Alongside the eight new multiclass archetypes for the classes in this book, you can find archetypes for all sorts of characters starting on page 172. These can expand any Pathfinder character in unexpected directions, helping them discover new abilities to match their developing stories. Many of these archetypes support combat specializations, like the bastion and wrestler, while others show off the roles characters may be stepping into, like the blessed one and marshal. Even characters' growing s

In [5]:
# This section taken from community databricks project

from langchain_text_splitters import RecursiveCharacterTextSplitter
from langchain_core.documents import Document
import re

def perform_semantic_chunking(document, chunk_size=500, chunk_overlap=100):
    """
    Performs semantic chunking on a document using recursive character splitting 
    at logical text boundaries.
    
    Args:
        document (str): The text document to process
        chunk_size (int): The target size of each chunk in characters
        chunk_overlap (int): The number of characters of overlap between chunks
        
    Returns:
        list: The semantically chunked documents with metadata
    """
    # Create the text splitter with semantic separators
    text_splitter = RecursiveCharacterTextSplitter(
        separators=["\n\n", "\n", ". ", " ", ""],
        chunk_size=chunk_size,
        chunk_overlap=chunk_overlap,
        length_function=len
    )
    
    # Split the text into semantic chunks
    semantic_chunks = text_splitter.split_text(document)
    print(f"Document split into {len(semantic_chunks)} semantic chunks")
    
    # Determine section titles for enhanced metadata
    section_patterns = [
        r'^#+\s+(.+)$',      # Markdown headers
        r'^.+\n[=\-]{2,}$',  # Underlined headers
        r'^[A-Z\s]+:$'       # ALL CAPS section titles
    ]
    
    # Convert to Document objects with enhanced metadata
    documents = []
    current_section = "Introduction"
    
    for i, chunk in enumerate(semantic_chunks):
        # Try to identify section title from chunk
        chunk_lines = chunk.split('\n')
        for line in chunk_lines:
            for pattern in section_patterns:
                match = re.match(pattern, line, re.MULTILINE)
                if match:
                    current_section = match.group(0)
                    break
        
        # Calculate semantic density (ratio of non-stopwords to total words)
        words = re.findall(r'\b\w+\b', chunk.lower())
        stopwords = ['the', 'and', 'is', 'of', 'to', 'a', 'in', 'that', 'it', 'with', 'as', 'for']
        content_words = [w for w in words if w not in stopwords]
        semantic_density = len(content_words) / max(1, len(words))
        
        doc = Document(
            page_content=chunk,
            metadata={
                "chunk_id": i,
                "total_chunks": len(semantic_chunks),
                "chunk_size": len(chunk),
                "chunk_type": "semantic",
                "section": current_section,
                "semantic_density": round(semantic_density, 2)
            }
        )
        documents.append(doc)
    
    return documents

In [6]:
# Combining all the text chunks into a single document
full_doc = "\n".join(text_chunks)

# Perform semantic chunking on the full document
semantic_documents = perform_semantic_chunking(full_doc)

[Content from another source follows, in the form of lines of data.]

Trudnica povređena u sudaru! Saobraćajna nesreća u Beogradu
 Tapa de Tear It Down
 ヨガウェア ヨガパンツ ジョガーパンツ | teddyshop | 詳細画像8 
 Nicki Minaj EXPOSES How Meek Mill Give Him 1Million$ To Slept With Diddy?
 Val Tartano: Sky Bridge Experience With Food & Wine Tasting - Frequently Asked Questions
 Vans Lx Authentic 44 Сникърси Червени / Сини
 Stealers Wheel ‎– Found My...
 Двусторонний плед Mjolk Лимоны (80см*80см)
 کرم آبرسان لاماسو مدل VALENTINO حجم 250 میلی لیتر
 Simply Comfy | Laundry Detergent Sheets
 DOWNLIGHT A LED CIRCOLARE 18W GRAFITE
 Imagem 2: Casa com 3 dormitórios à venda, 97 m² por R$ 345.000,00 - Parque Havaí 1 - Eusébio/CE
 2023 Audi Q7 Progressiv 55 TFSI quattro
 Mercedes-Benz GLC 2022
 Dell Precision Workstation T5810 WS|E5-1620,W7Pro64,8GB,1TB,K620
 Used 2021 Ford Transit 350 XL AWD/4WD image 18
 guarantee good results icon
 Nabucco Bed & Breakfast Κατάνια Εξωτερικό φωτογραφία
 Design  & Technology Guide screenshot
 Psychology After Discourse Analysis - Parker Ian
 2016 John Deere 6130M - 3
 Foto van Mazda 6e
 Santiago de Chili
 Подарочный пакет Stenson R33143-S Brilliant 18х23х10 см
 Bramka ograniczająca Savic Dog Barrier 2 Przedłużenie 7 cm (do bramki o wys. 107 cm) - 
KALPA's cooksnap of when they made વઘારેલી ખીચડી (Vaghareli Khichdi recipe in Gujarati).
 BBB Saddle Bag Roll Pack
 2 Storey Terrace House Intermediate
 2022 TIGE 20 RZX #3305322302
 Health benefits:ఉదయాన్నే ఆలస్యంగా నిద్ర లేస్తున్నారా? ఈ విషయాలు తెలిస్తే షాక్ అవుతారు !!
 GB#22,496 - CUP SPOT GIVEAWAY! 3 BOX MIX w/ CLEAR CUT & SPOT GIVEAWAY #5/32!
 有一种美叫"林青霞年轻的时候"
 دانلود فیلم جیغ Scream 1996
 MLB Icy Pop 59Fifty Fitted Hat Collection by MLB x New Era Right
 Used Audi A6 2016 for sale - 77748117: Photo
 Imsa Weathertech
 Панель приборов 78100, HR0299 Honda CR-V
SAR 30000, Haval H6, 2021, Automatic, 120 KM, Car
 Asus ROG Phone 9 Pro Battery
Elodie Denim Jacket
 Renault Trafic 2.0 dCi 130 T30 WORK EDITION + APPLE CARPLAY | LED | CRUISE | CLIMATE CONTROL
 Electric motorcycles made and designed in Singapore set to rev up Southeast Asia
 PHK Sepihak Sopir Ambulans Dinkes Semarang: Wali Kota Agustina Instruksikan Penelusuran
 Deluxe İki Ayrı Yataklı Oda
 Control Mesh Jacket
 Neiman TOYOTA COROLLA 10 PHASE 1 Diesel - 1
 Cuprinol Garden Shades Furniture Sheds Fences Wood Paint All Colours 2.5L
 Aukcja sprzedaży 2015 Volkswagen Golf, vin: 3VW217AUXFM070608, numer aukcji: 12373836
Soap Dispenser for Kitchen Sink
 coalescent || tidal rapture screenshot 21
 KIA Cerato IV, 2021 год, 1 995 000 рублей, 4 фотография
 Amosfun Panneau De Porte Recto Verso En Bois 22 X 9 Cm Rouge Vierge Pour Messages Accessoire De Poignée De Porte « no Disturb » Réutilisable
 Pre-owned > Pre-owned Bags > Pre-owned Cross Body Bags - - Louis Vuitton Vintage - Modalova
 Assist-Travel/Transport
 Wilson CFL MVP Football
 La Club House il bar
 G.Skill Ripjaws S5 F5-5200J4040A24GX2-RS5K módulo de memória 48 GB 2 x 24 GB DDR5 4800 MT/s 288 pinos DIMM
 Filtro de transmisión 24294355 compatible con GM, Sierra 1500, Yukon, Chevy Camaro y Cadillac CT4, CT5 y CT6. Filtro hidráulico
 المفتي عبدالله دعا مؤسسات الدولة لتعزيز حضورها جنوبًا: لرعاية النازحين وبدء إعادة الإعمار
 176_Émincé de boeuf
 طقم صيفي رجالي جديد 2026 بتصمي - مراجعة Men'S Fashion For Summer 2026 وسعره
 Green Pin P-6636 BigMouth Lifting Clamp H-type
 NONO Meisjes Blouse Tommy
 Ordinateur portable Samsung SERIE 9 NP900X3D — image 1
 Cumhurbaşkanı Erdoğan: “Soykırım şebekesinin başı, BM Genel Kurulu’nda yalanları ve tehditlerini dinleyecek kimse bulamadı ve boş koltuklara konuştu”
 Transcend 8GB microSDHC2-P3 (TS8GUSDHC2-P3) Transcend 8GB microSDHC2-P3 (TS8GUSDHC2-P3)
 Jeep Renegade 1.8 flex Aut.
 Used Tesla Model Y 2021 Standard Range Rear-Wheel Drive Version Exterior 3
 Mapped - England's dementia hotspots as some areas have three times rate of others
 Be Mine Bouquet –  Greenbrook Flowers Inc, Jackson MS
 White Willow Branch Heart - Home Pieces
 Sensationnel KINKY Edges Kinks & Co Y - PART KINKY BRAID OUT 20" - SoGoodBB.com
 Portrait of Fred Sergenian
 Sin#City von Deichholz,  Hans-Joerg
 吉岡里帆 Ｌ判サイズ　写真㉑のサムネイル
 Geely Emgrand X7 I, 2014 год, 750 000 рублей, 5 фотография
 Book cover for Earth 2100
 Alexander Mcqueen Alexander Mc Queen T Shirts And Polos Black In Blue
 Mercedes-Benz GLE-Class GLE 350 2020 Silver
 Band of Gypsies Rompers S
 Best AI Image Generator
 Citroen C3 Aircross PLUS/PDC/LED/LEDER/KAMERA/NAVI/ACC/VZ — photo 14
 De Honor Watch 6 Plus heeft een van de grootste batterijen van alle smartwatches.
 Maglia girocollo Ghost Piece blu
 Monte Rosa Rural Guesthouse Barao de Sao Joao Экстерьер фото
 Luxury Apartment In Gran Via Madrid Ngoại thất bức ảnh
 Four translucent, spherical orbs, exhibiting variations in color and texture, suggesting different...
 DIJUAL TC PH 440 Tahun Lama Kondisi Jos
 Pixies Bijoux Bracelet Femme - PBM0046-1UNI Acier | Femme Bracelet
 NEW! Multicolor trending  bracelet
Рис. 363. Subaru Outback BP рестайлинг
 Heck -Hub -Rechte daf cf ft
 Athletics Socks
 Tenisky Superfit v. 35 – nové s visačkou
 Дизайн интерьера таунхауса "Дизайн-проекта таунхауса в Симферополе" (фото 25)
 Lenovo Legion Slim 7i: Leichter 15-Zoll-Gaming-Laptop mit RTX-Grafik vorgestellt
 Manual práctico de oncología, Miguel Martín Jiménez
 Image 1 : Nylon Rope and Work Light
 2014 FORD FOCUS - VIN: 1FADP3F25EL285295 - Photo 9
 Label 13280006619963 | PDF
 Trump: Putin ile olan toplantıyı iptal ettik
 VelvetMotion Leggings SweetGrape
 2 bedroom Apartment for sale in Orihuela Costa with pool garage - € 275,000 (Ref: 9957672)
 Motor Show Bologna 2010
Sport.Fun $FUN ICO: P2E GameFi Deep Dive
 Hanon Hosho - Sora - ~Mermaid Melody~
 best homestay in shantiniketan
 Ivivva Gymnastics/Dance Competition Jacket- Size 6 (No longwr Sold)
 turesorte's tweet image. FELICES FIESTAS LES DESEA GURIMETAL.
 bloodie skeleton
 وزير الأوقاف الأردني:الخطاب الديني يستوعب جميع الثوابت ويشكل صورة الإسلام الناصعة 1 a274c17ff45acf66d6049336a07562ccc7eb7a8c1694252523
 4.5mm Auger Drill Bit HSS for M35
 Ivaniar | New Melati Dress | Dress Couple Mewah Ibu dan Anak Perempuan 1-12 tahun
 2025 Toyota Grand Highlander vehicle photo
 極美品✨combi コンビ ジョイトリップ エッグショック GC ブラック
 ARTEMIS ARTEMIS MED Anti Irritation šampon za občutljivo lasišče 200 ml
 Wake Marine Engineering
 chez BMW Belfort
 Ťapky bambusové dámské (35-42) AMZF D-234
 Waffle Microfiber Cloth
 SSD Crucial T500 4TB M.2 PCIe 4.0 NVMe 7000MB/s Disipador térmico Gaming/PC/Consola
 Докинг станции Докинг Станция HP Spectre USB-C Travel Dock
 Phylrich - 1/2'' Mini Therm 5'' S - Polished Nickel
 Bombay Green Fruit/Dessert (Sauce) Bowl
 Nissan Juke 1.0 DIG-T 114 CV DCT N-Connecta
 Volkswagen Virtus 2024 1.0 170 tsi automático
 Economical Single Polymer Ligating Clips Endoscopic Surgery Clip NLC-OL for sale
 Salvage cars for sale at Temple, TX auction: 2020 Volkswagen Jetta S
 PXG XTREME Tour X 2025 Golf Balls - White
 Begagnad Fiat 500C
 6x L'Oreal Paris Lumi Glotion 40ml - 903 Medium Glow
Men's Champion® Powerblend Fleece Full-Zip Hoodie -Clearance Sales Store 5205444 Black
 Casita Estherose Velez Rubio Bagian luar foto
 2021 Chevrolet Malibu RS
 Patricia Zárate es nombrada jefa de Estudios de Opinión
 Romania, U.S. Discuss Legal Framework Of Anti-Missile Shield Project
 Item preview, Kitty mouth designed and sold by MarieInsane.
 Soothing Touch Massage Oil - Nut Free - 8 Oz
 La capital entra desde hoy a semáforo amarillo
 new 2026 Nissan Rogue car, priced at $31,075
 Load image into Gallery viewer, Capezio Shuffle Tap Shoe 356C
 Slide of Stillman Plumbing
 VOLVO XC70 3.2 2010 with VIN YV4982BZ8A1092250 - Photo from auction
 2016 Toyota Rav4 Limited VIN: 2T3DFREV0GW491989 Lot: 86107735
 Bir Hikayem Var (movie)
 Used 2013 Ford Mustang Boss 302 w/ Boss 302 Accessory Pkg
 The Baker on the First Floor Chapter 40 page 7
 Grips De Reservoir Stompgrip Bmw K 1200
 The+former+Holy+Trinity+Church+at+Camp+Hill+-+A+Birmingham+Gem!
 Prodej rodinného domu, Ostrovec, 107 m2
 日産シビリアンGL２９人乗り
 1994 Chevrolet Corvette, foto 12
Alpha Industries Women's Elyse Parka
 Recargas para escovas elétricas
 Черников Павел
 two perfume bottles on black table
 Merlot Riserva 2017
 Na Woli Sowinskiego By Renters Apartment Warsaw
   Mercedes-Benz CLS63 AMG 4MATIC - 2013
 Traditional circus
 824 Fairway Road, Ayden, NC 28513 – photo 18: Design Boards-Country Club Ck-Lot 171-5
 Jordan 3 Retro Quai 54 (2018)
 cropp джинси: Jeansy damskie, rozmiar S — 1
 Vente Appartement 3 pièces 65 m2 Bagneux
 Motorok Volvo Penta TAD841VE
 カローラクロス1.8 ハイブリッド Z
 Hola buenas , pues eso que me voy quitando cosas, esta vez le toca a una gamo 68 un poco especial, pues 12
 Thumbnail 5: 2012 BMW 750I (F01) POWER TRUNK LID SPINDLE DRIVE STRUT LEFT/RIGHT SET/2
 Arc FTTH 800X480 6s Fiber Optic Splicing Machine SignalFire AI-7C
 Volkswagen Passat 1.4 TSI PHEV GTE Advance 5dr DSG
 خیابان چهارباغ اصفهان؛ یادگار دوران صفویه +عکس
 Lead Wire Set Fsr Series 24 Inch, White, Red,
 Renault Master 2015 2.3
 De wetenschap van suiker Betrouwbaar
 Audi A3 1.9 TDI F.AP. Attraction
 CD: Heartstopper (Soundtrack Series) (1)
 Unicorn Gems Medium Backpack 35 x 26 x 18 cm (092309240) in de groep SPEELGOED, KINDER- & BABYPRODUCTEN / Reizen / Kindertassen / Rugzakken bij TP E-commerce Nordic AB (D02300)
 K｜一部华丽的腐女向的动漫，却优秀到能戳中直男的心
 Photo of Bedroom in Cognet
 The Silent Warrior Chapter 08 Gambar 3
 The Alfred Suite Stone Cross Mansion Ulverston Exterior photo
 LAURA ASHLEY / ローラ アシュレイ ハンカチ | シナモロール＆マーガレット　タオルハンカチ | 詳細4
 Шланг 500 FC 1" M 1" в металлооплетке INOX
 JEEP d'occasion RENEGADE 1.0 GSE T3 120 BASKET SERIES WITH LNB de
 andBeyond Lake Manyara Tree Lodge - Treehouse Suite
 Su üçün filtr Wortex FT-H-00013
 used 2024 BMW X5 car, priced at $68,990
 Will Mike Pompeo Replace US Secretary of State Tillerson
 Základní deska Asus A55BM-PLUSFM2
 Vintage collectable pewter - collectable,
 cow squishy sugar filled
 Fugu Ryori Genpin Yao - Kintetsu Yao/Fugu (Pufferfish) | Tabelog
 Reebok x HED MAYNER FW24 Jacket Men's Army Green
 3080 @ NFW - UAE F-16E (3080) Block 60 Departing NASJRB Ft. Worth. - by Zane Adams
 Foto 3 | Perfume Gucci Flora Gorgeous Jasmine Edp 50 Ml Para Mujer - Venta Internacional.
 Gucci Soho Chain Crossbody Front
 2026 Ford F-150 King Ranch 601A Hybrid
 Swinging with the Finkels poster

# A little peak at the results
index_to_peak = 500
for doc in semantic_documents[index_to_peak:index_to_peak+5]:
    print(f"Chunk ID: {doc.metadata['chunk_id']}, Size: {len(doc.page_content)}")
    
    # Printing the section title
    print(f"Section: {doc.metadata['section']}")
    
    # Printing the content of the document
    print(doc.page_content)
    
    # Printing the semantic density
    print(f"Semantic Density: {doc.metadata['semantic_density']}")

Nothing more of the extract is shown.